(MATERIALS PROVIDED begins)

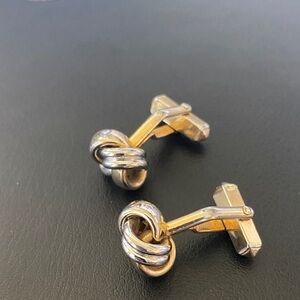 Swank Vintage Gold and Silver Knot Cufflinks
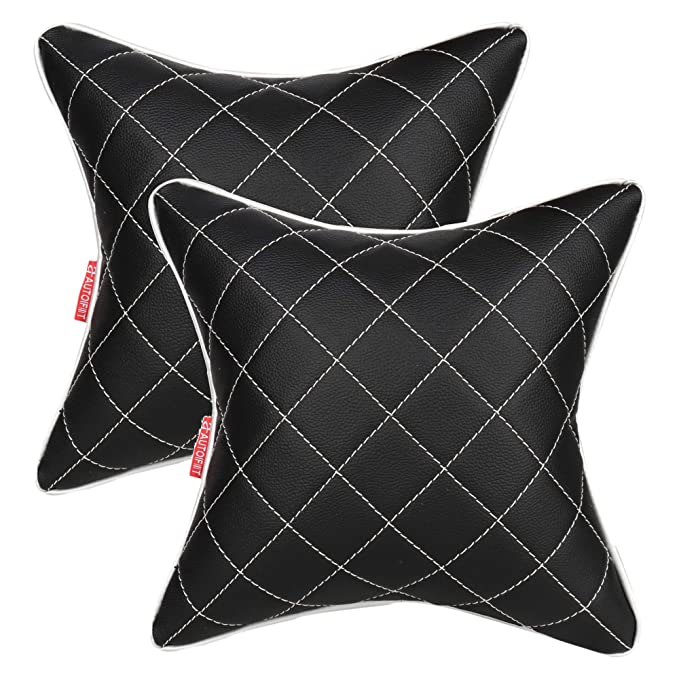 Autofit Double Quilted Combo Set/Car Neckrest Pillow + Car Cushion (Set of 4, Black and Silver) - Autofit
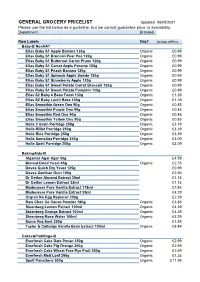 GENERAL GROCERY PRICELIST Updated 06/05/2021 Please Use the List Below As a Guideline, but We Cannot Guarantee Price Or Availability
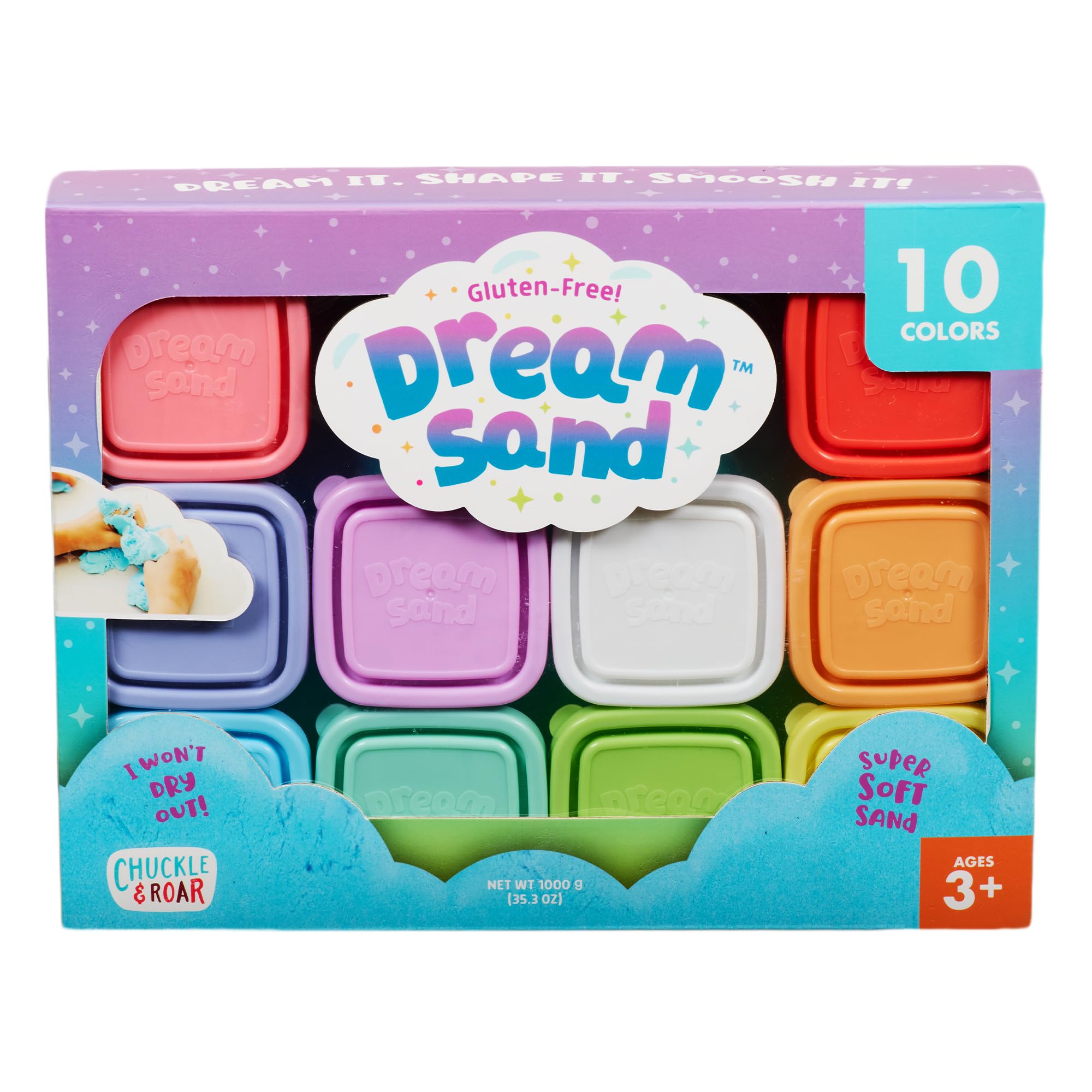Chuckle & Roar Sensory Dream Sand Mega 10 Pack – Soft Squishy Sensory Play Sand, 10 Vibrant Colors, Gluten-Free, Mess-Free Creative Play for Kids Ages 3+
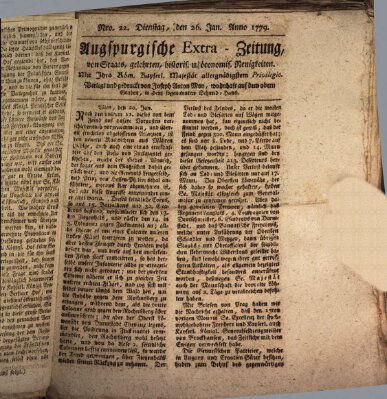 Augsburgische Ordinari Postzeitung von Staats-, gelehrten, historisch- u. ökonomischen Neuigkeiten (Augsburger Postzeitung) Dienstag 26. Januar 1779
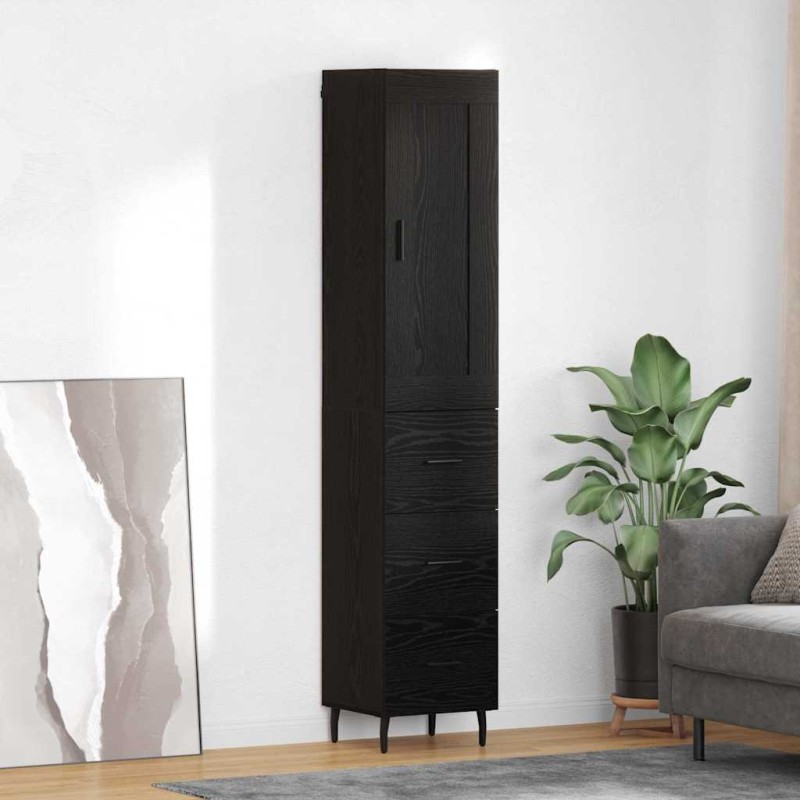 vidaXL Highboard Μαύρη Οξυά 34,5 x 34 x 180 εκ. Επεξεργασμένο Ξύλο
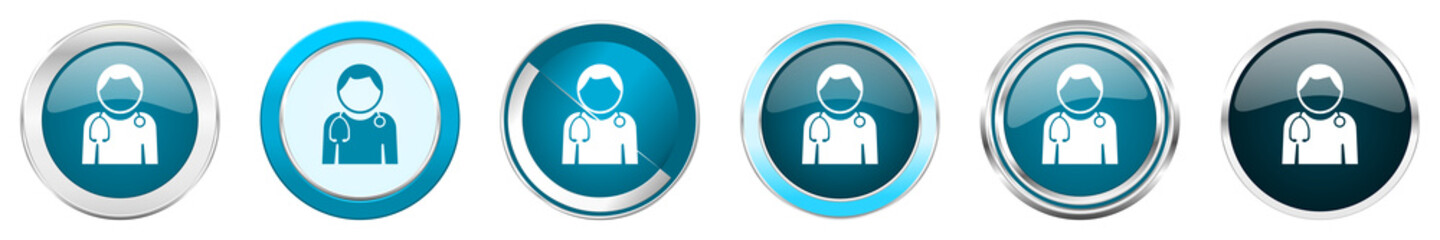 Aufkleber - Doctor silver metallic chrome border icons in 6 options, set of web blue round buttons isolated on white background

(MATERIALS PROVIDED ends)

▶ [INSTRUCTIONS TO FOLLOW]: In the data above, find the line containing "vidaXL Highboard Μαύρη", then output it and every later line exactly, without the pictures.

▶ [YOUR RESPONSE]:
 vidaXL Highboard Μαύρη Οξυά 34,5 x 34 x 180 εκ. Επεξεργασμένο Ξύλο
 Aufkleber - Doctor silver metallic chrome border icons in 6 options, set of web blue round buttons isolated on white background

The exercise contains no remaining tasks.